Plantar fasciitis is pain felt at the bottom of the heel. It is usually felt on the first step out of bed in the morning or when walking again after resting from a walking or running activity. However, plantar fasciitis pain can, if it persists, soon be felt any time you are walking, running or jumping.
Although the pain is mostly felt at the bottom of the heel, it can also radiate down the entire bottom of the foot toward the toes. Plantar fasciitis is not usually associated with numbness or tingling.
Anatomy of the Plantar Fascia
The plantar fascia consists of dense bands of tissue deep below the skin that extend out in a fan-like fashion from the heel bone to the toes. If you pull your toes and foot toward your head, you will feel this tissue tighten.
What Causes Plantar Fasciitis?
Plantar fasciitis is thought to be caused by repetitive stretching of the tight bands of the plantar fascia which result in micro tears in these bands as they extend from the heel. Because these tears usually do not occur from a single traumatic event, an immediate healing reaction is not triggered. A chronic irritation or inflammation process thereby begins which increases with activity. A sudden weight gain may also increase stress to an otherwise normal plantar fascia.
Pulling of the tight plantar fascia on the heel bone during activity can result in the formation of a bone spur off the tip of the heel bone, at the origin of the plantar fascia tissue. This bone spur itself is not the cause of pain, but rather the mechanical result of the chronic inflammatory process on the bone caused by the stretching of the tight tissue.
Surgery is rarely necessary to treat plantar fasciitis. To decrease your pain and symptoms, you may want to:
Tape the heel and arch. Custom shoe inserts may be needed to support the arch and the heel.
Increase the flexibility of the plantar fascia and calf muscles by doing stretching exercises. Tight calf muscles increase he stress on the plantar fascia and predispose you to plantar fasciitis.
Massage the plantar fascia by rolling your foot over a round tubelike object with a diameter of 3 to 4 inches. A rolling pin works nicely for this.
Strengthen the muscles of the foot and ankle that support the arch. One way to do this is to scrunch up a hand towel with your toes or use your toes to pull a towel weighted with a food can across the floor.
Warm up well before stretching. Cold tissues cannot stretch as effectively. After stretching, ice your heel for 20 to 30 minutes at the point of maximum tenderness to decrease any inflammation that may result from too vigorous a workout.
Consider the use of oral anti-inflammatory medications such as aspirin or ibuprofen. These medications can decrease the inflammation of the plantar fascia and thus decrease your symptoms so that you can stretch and improve your flexibility. In some cases, your physician may recommend a prescription antiinflammatory for you.

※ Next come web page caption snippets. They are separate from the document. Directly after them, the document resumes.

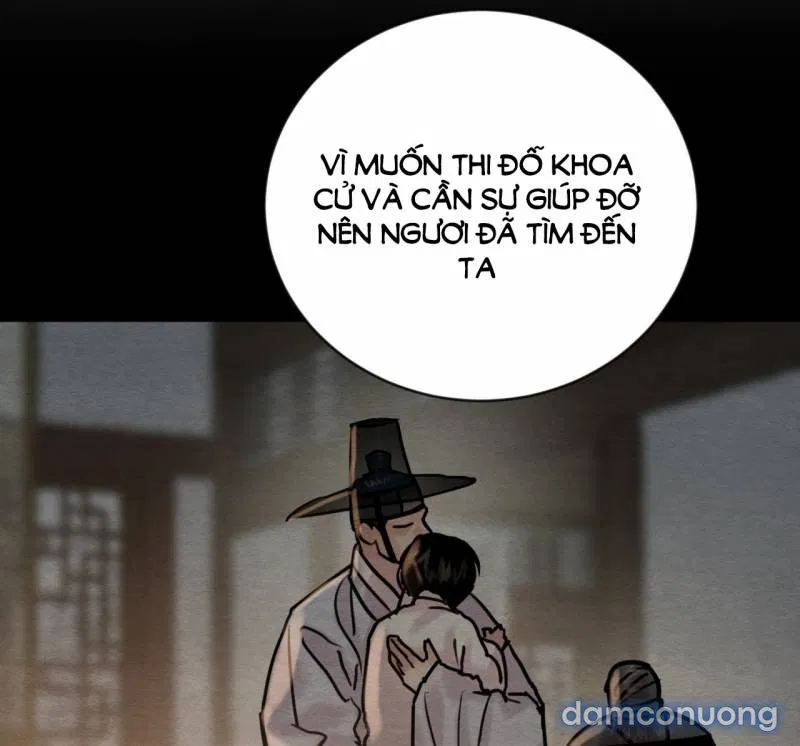 Dạ Ký 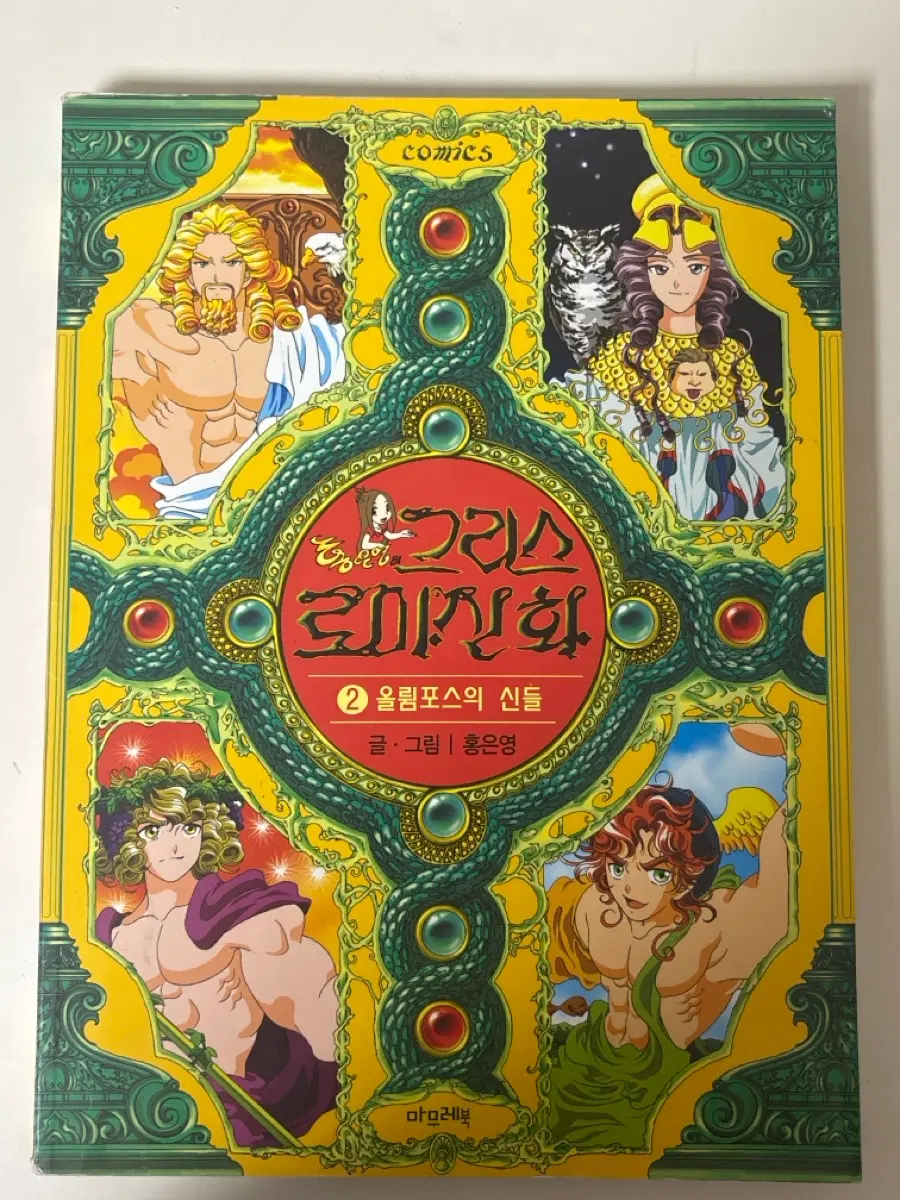 홍은영의 그리스로마신화 마므레북 2권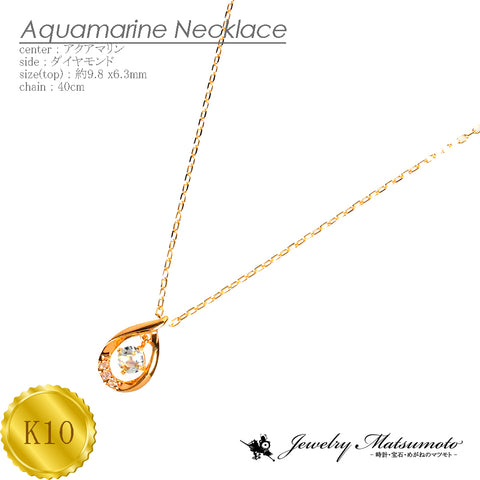 K10 アクアマリン ダイアモンド ネックレス 《3月誕生石》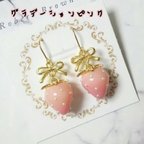 作品【グラデーションピンク】 リボン いちごピアス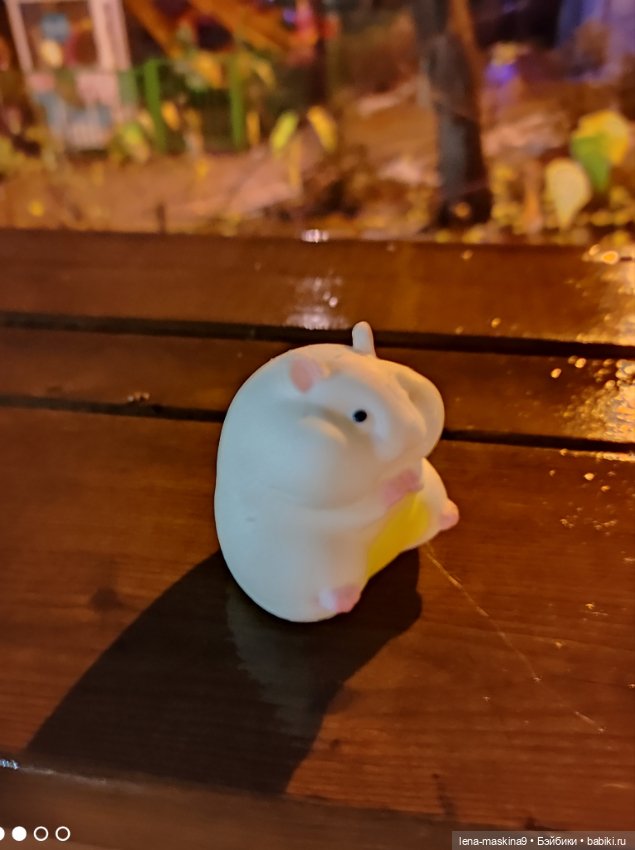 Прогулка в парке хомяка Васи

Try a night splint. These devices, prescribed by your physician, keep the foot flexed at 90 degrees instead of the typical relaxed foot position of toes pointed down that occurs during sleep. Wearing a splint may lessen the pain of the first step in the morning.
Massage the heel with a sports cream, which may lessen symptoms. A variety of “hands on” therapeutic treatments can also be administered by a physical therapist.

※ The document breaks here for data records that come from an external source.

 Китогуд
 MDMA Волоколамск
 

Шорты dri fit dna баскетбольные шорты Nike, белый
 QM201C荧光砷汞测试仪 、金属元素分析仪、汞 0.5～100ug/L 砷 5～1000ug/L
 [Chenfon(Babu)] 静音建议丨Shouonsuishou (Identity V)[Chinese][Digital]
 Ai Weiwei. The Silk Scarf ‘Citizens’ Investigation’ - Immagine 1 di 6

How to Prevent Plantar Fasciitis
Always warm up well and stretch before participating in sports.
Wear good, supportive shoes for your athletic activities.
Keep the muscles of your feet and ankles strong to support your arch.
Don’t try running to lose weight after a rapid weight gain. Walk first, and stretch the muscles of the foot and calf to help condition your body before running.
Avoid activities that cause pain in your heel.
See your physician if pain persists despite these measures.